Fundamentals Flashcards
Exposure X
related to the ability of photons to ionize air. Its unit röntgen (R)
is defined as charge of 2.58×10−4 C produced per kilogram of air.
Kerma K
defined for indirectly ionizing radiations (photons and neutrons) as the energy transferred to charged particles per unit mass of the absorber. Its SI unit gray (Gy) is defined as 1 J of energy absorbed per kilogram of medium, i.e., 1 Gy = 1 J · kg−1.
Dose D
energy absorbed per unit mass of medium. Its SI unit
gray (Gy) is defined as 1 J of energy absorbed per kilogram of medium, i.e.,
1 Gy = 1 J/kg. The old unit of dose is rad where 1 Gy = 100 cGy = 100 rad =
100000 mrad.
Equivalent dose H
dose multiplied by a radiation-weighting
factor wR. The SI unit of equivalent dose is sievert (Sv), the old unit is rem
where 1 Sv = 100 rem.
Activity A
defined as the number of nuclear decays
per unit time. Its SI unit is becquerel (Bq) corresponding to one decay per
second or 1 Bq = 1 s−1.
Thermionic emission (TE) and field emission (FE) are physical phenomena of importance not only in theoretical physics but also in practical production of x rays.

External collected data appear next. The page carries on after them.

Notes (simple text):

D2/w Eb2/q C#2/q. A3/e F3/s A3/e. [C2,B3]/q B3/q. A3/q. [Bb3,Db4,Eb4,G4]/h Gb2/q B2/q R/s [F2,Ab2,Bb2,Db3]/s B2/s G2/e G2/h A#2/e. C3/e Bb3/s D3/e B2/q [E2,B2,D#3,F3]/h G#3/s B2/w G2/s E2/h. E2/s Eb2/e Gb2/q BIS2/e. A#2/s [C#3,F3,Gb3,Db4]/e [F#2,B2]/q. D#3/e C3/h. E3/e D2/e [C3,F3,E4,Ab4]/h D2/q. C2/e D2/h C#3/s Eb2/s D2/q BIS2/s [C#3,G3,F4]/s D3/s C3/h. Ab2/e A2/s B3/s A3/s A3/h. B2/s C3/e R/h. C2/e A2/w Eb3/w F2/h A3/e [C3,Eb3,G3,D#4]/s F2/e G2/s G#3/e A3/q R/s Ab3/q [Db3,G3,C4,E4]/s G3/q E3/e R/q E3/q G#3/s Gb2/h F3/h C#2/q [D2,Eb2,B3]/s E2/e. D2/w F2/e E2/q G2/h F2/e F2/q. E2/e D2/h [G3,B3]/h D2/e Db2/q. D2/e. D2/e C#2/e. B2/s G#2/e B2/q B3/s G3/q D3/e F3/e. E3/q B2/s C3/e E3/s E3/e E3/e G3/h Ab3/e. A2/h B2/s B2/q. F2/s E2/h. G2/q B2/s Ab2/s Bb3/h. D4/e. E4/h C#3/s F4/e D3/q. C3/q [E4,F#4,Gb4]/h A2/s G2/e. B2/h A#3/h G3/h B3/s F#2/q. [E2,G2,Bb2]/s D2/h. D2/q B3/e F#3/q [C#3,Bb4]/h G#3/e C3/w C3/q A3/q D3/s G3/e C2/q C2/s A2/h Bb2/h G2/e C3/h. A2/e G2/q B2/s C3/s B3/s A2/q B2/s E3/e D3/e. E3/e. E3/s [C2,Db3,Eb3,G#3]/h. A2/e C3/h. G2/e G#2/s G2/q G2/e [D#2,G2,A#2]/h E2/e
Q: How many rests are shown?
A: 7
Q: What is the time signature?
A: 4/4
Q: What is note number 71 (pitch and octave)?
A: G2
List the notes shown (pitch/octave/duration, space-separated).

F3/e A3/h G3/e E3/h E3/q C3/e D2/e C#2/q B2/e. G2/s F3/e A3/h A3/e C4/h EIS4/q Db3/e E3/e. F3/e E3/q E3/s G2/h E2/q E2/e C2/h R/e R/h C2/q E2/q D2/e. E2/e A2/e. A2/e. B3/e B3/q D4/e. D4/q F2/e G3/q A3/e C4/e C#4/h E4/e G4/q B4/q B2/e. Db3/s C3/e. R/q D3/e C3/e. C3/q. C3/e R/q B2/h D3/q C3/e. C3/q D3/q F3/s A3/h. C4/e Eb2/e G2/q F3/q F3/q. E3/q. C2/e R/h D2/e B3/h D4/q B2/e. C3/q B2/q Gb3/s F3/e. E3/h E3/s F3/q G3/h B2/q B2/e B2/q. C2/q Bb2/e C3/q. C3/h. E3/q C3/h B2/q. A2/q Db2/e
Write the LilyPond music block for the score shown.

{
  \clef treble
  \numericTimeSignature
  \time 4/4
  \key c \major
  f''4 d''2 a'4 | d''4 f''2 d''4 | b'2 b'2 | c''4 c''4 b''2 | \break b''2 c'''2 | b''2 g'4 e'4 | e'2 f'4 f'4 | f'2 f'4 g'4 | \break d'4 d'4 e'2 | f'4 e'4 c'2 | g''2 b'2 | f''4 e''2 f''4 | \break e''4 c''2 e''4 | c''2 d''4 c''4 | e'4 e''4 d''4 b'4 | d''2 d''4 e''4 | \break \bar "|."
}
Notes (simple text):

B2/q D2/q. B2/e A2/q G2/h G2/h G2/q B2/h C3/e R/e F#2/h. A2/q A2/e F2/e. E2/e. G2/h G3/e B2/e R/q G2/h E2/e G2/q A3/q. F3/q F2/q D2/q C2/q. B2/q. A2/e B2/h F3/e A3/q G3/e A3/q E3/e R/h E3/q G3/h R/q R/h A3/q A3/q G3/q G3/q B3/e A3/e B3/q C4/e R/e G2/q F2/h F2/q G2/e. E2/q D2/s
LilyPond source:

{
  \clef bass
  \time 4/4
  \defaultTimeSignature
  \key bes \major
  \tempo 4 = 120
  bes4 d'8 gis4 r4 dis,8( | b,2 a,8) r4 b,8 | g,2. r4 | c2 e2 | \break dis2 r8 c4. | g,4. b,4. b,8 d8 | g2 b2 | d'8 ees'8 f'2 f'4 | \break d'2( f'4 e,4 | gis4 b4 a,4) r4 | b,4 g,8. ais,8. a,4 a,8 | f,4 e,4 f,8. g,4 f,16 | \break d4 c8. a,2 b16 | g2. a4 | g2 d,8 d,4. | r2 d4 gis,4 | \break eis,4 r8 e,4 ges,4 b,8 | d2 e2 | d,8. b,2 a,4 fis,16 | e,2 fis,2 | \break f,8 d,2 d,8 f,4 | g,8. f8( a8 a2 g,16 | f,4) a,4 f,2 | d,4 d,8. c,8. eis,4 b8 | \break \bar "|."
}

In point form compare thermionic emission (TE) from a metal with field
emission (FE) from a metal.
In both the thermionic emission (TE) and field emission (FE) electrons are
emitted from the surface of a metal. On a microscopic scale, however, the two effects
are different:
(1) In TE electrons surmount the potential barrier, while in FE electrons tunnel
through the potential barrier.
(2) In TE the temperature T of the metal increases the energy of electrons to allow
them to surmount the potential barrier; in FE a strong external electric field
E narrows the potential barrier to make the tunneling of electrons through the
barrier possible.
(3) In TE the work function remains constant with temperature but the kinetic
energy of electrons rises with metal temperature, allowing electrons to escape
from the metal. In FE the barrier thickness diminishes with an increasing applied
electric field, making it easier for electrons to tunnel through the barrier.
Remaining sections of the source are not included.